- Location: Caldwell Parish
- Length: 8.980 mi (14.452 km)
- Existed: 1955–present

= List of state highways in Louisiana (850–899) =

The following is a list of state highways in the U.S. state of Louisiana designated in the 850–899 range.

==Louisiana Highway 850==

Louisiana Highway 850 (LA 850) runs 8.98 mi in a north–south direction from LA 849 south of Grayson to LA 4 north of Grayson.

The entire route is set to be deleted and transferred to local control as part of Louisiana DOTD's "right-sizing" program.

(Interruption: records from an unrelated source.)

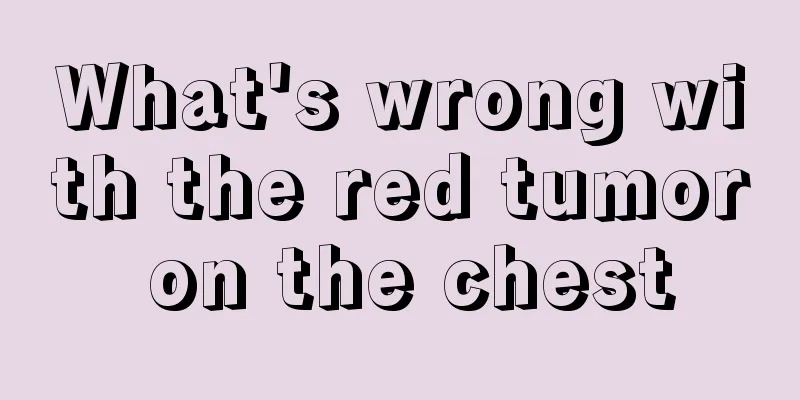 What's wrong with the red tumor on the chest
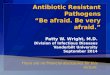Antibiotic Resistant Pathogens “Be afraid. Be very afraid.”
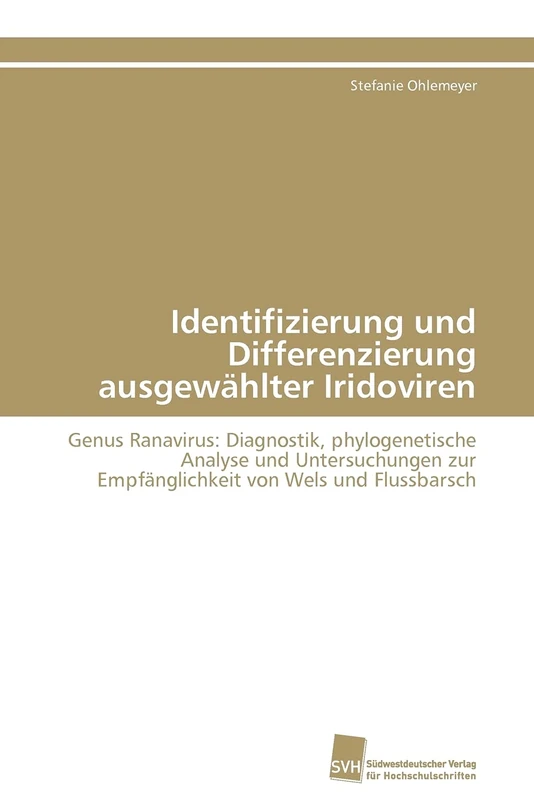 Identifizierung und Differenzierung ausgewählter Iridoviren: Genus Ranavirus: Diagnostik, phylogenetische Analyse und Untersuchungen zur Empfänglichkeit von Wels und Flussbarsch - Image 1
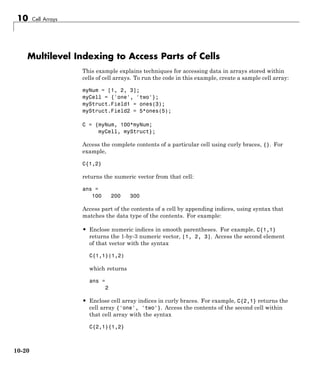 10 Cell Arrays
Multilevel Indexing to Access Parts of Cells
This example explains techniques for accessing data in arrays stored within
cells of cell arrays. To run the code in this example, create a sample cell array:
myNum = [1, 2, 3];
myCell = {'one', 'two'};
myStruct.Field1 = ones(3);
myStruct.Field2 = 5*ones(5);
C = {myNum, 100*myNum;
myCell, myStruct};
Access the complete contents of a particular cell using curly braces, {}. For
example,
C{1,2}
returns the numeric vector from that cell:
ans =
100 200 300
Access part of the contents of a cell by appending indices, using syntax that
matches the data type of the contents. For example:
• Enclose numeric indices in smooth parentheses. For example, C{1,1}
returns the 1-by-3 numeric vector, [1, 2, 3]. Access the second element
of that vector with the syntax
C{1,1}(1,2)
which returns
ans =
2
• Enclose cell array indices in curly braces. For example, C{2,1} returns the
cell array {'one', 'two'}. Access the contents of the second cell within
that cell array with the syntax
C{2,1}{1,2}
10-20
 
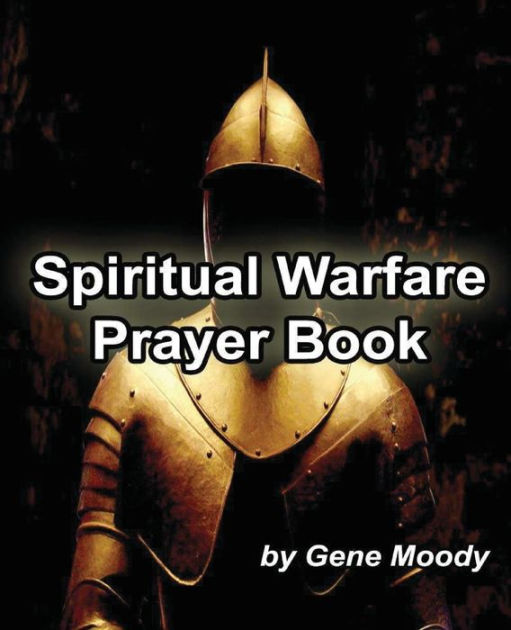 Spiritual Warfare Prayer Book By Gene B Moody, Paperback | Barnes & Noble®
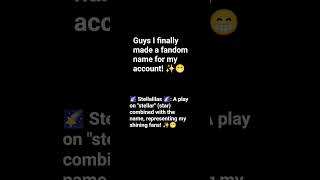 Hi StellaLilas! 🌠💜 #foryou #shortsviral #shortsfeed #makemefamous #fandom #relatable #stellar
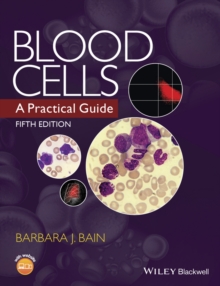 Blood Cells : A Practical Guide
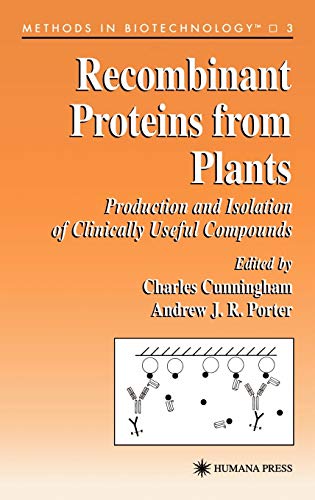Beispielbild fr Recombinant Proteins from Plants (Methods in Biotechnology, 3) zum Verkauf von Rye Berry Books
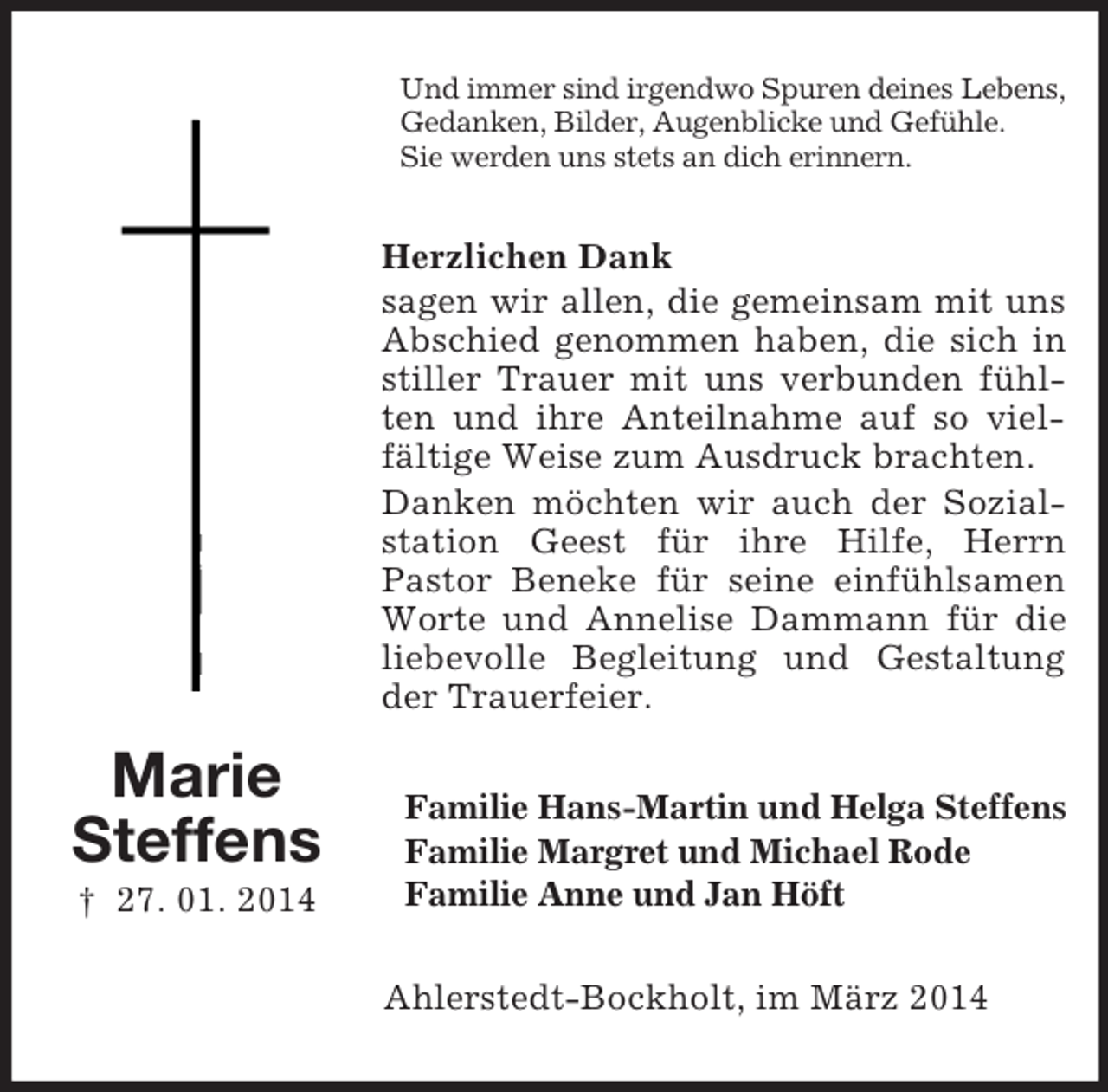 <p>Marie<br />Steffens<br />† 27. 01. 2014<br />Und immer sind irgendwo Spuren deines Lebens,<br />Gedanken, Bilder, Augenblicke und Gefühle.<br />Sie werden uns stets an dich erinnern.<br />Herzlichen Dank<br />sagen wir allen, die gemeinsam mit uns Abschied genommen haben, die sich in stiller Trauer mit uns verbunden fühlten und ihre Anteilnahme auf so vielfältige Weise zum Ausdruck brachten.<br />Danken möchten wir auch der Sozialstation Geest für ihre Hilfe, Herrn<br />Pastor Beneke für seine einfühlsamen Worte und Annelise Dammann für die liebevolle Begleitung und Gestaltung der Trauerfeier.<br />Familie Hans-Martin und Helga Steffens<br />Familie Margret und Michael Rode<br />Familie Anne und Jan Höft<br />Ahlerstedt-Bockholt, im März 2014</p>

| Location | mi | km | Destinations | Notes |
| ​ | 0.000 | 0.000 | LA 849 | Southern terminus |
| Grayson | 6.702 | 10.786 | US 165 – Monroe, Alexandria |  |
| 7.083 | 11.399 | LA 126 – Holum, Rosefield, Sikes |  |
| Pulpwood Spur | 8.980 | 14.452 | LA 4 – Columbia, Chatham | Northern terminus |
1.000 mi = 1.609 km; 1.000 km = 0.621 mi

==Louisiana Highway 851==

Louisiana Highway 851 (LA 851) runs 2.57 mi in a general northwest to southeast direction from LA 126 to LA 849 southeast of Grayson.

The entire route is set to be deleted and transferred to local control under Louisiana DOTD's "right-sizing" program.

| mi | km | Destinations | Notes |
| 0.000 | 0.000 | LA 126 – Holum, Grayson | Western terminus |
| 2.574 | 4.142 | LA 849 | Eastern terminus |
1.000 mi = 1.609 km; 1.000 km = 0.621 mi

==Louisiana Highway 852==

Louisiana Highway 852 (LA 852) runs 4.99 mi in a southwest to northeast direction from US 80 in Rayville to LA 583 northeast of Rayville.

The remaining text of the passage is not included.